As I have continued the process which I was beginning at the time of this study -- trying to understand more about why people (especially students) read as they do -- I've come to be more and more aware of the limitations, for my purposes, of what Stephen Jay Gould calls "experimental results," and the advantages of what he calls "historical explanation" (Gould, 1989; see Hunt and Vipond (1992) for an account of the research which has pushed me in this direction). Perhaps paradoxically, I now see what I acknowledged in 1982 as the limitations of the study -- its ignorance of the methods of statistical inference, its lack of generalizability -- as it strong suits. It did push me, and may have pushed some of those who heard it at the conference or read it in manuscript, toward looking hard at what individual readers were doing (as opposed, for instance, to looking for statistical generalizations across readers). Whether we understood any better is probably not as important as the fact that we were trying to understand what those readers were doing, just as Mina Shaughnessy had (1977), a few years earlier, urged us to do with our writers.

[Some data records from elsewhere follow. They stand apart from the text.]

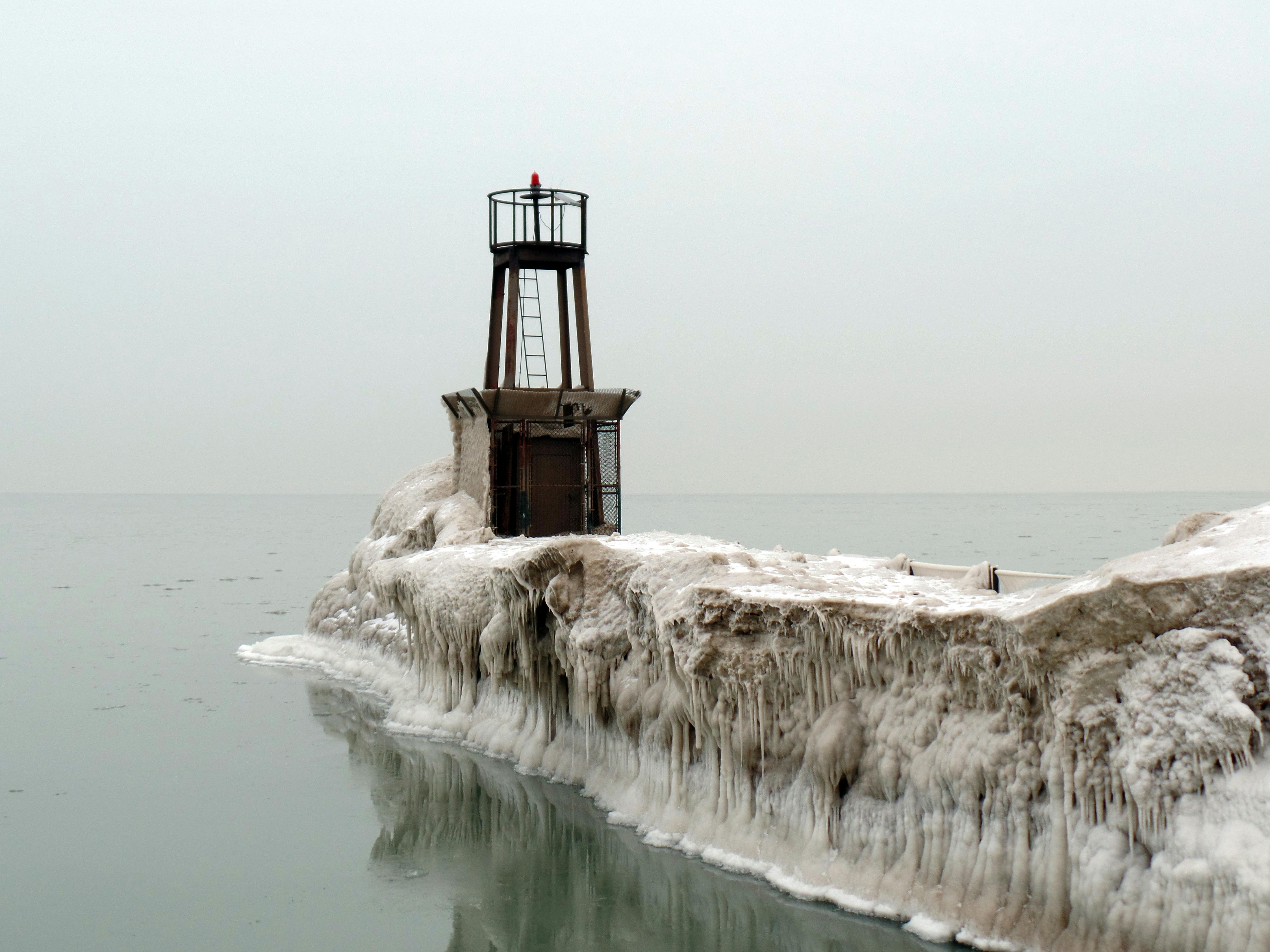 Home inspection after ice storm showing damage assessment and recovery planning for winter weather impacts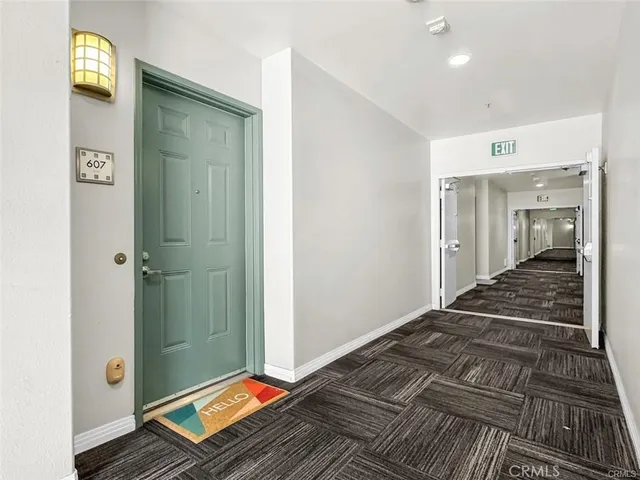 a bedroom with sliding door and windows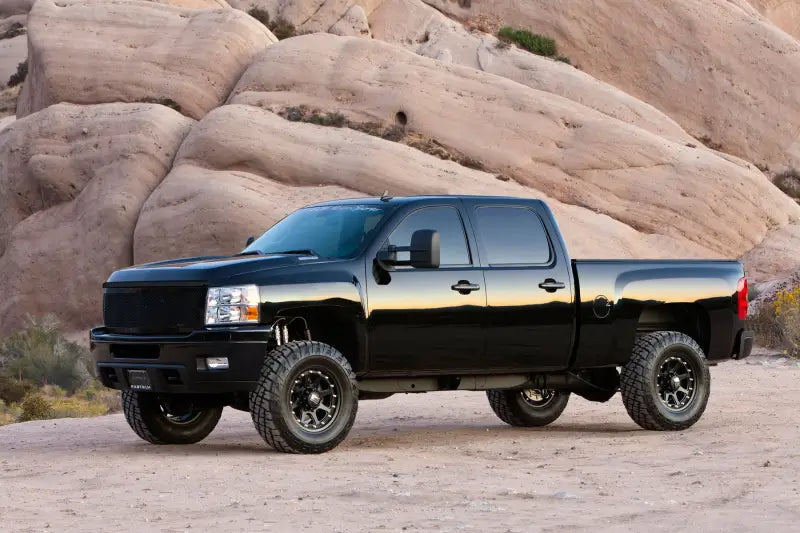 Black pickup truck equipped with K1065DL Fabtech Leveling Kit Suspension, enhancing stance and ground clearance, parked in a rocky desert landscape.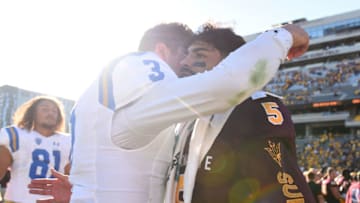 TEMPE, AZ - NOVEMBER 10: Quarterback Manny Wilkins #5 of the Arizona State Sun Devils hugs quarterback Wilton Speight #3 of the UCLA Bruins after the game at Sun Devil Stadium on November 10, 2018 in Tempe, Arizona. The Arizona State Sun Devils won 31-28. (Photo by Jennifer Stewart/Getty Images)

The question raised most immediately by a rereading of this study, however, is one that would have surprised me very much in 1982: what is the status of the story as it appears in this text, as you sit and read it as a part of this book? Whose utterance is this story here and now, how is it framed, what points does it afford construction of by its various readers? It seems to me clear that I had not -- have not yet -- given up on my attempt to frame this story so that someone else would "get it" in something like the way I "got it" when I first read it. I had, the study makes clear, failed with all of my students and virtually all of my colleagues. Like the storyteller who gets to the end and realizes it hasn't worked, that her listeners are desperately resisting the impulse to say, "So what's the point?" (Polanyi, 1979), I eagerly participate in the negotiations that will let us all come to agree on a satisfactory point, and get to some sort of closure on the story. I'm still doing it.